BRUXELLES (AFP) -
23/01/08
La Commission
européenne a dévoilé mercredi un plan "historique" d'action contre le réchauffement climatique mais s'attend à d'âpres négociations avec les pays de l'UE, car nombre
d'industriels y voient une menace face à une concurrence étrangère moins soucieuse de l'environnement. Il s'agit du "paquet de mesures le plus complet au
monde" en matière de climat, pour un coût estimé à "3 euros par semaine et par personne" d'ici 2020, a déclaré José Manuel Barroso, son président, en présentant au
Parlement européen le projet à Bruxelles, finalisé à l'issue de longues et difficiles tractations.
"Il y a un coût mais il est gérable", a assuré M. Barroso. Globalement, il a estimé qu'il serait de "moins de 0,5% du PIB d'ici
2020", soit 60 milliards d'euros.
Le projet entend donner à l'Union européenne les outils pour atteindre l'objectif qu'elle s'était fixée en mars 2007: réduire ses émissions de gaz à effet de
serre de 20% par rapport à leurs niveaux de 1990 d'ici à 2020 et, sur cette même période, de porter à 20% la part des énergies renouvelables dans la consommation.
L'une des mesures phare consiste à faire payer, à partir de 2013, aux industries les plus polluantes de l'Union européenne des "permis de polluer"
jusqu'ici gratuits.
Le secteur de l'électricité, d'où proviennent une grande partie des émissions de CO2, va devoir intégralement payer pour obtenir des droits à polluer vendus
aux enchères à compter de cette date.
Les autres secteurs d'activité concernés, comme les industries de l'aluminium et les producteurs d'ammoniaque, ainsi que le transport aérien, rentreront dans
ce système payant "graduellement", a souligné la Commission.
M. Barroso, a néanmoins précisé que s'il n'y avait pas d'accord international sur le climat, incluant les Etats-Unis et les pays émergents,
pour réduire les émissions de CO2, l'Europe "agirait".
Concrètement, les industries les plus "énergivores" obtiendraient dans ce cas "gratuitement" leurs permis de polluer et les importateurs de
produits concurrents non-européens seraient obligés d'acheter des permis de polluer. Une forme de taxe aux frontières.
Les secteurs d'activité non inclus dans ce système d'échanges, comme les transports, l'habitat et l'agriculture, ont eux aussi des objectifs de réduction
déclinés par pays, calculés en fonction de la richesse de chaque pays.
Ainsi la France et l'Allemagne devront réduire leurs émissions de 14% d'ici 2020, le Danemark de 20%, la Belgique de 15%, la Suède de 17%.
Les pays en phase de rattrapage économique pourront eux les augmenter de façon limitée: pas plus de 14% pour la Pologne, 9% pour la République tchèque, 20%
pour la Bulgarie.
Une autre mesure clé vise à attribuer à chaque pays des objectifs contraignants en matière de part des énergies renouvelables dans la consommation: la France
devra ainsi les faire passer de 10,3% en 2005 à 23% en 2020, l'Allemagne de 5,8% à 18%, la Suède de 39,8% à 49% et la Pologne de 7,2% à 15%.
Les pays membres de l'UE, qui vont devoir remplir des objectifs nationaux stricts, et les industriels ont multiplié les pressions, souvent avec succès, pour
atténuer la portée des dispositions jugées les plus pénalisantes.

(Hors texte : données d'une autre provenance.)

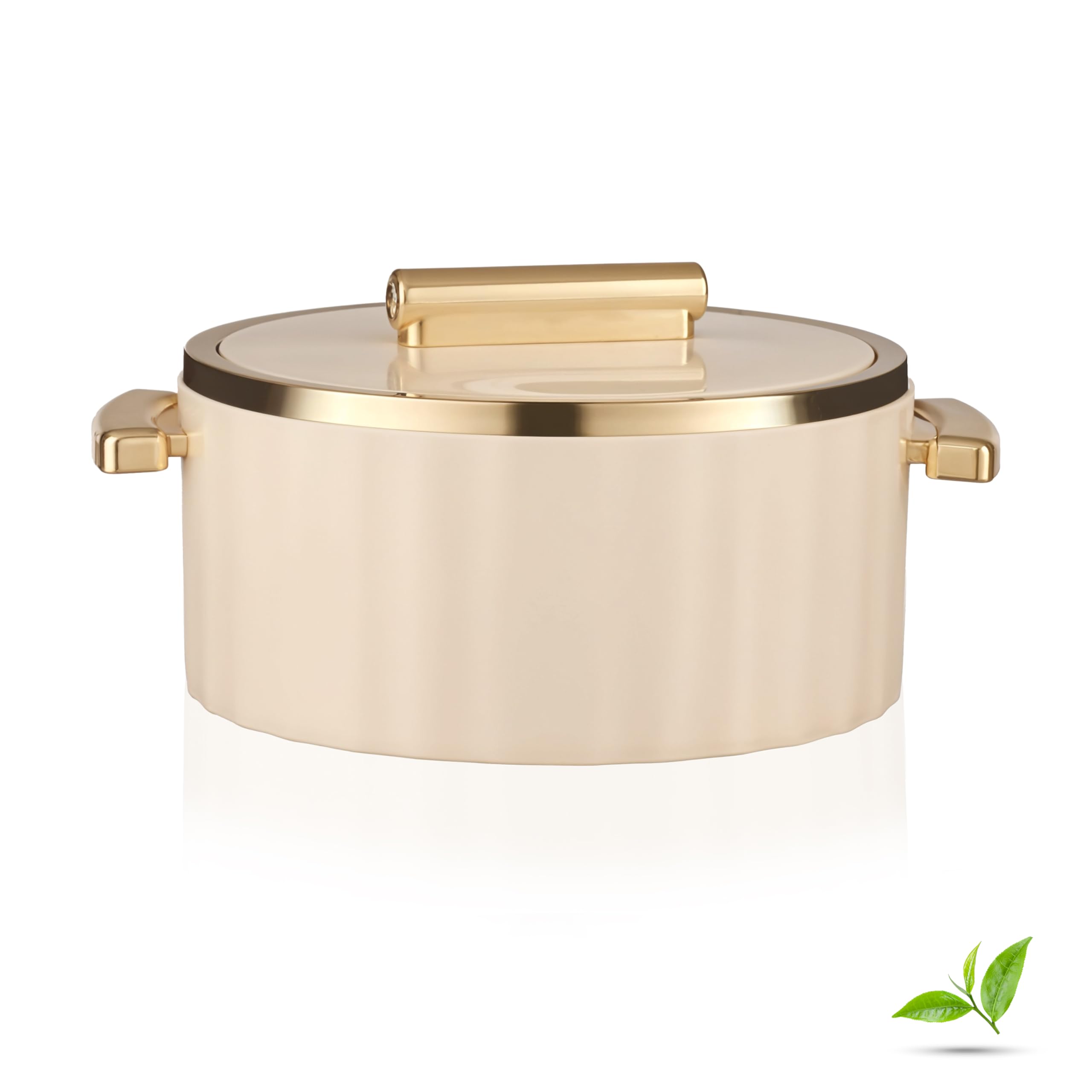 Trueware Sterling Inner Steel Casserole 3500 ml | PU Insulated | BPA Free | Odour Proof | Food Grade| Ideal for Chapatti | Roti | Curd Maker | Thermoware | Hot Pot (Off White)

Le ministre allemand de l'Environnement Sigmar Gabriel a salué mercredi un plan "très courageux". "Cela nous réjouit
particulièrement que les réclamations allemandes sur les industries gourmandes en énergie et exposées à la concurrence internationale aient été prises en compte," a-t-il
souligné.
Le président de la Commission européenne espère un accord du Parlement européen et des Etats membres pour la fin de l'année. Il a assuré que les deux pays qui
assurent la présidence de l'Union, la Slovénie, puis la France "sont déterminés à aller vite".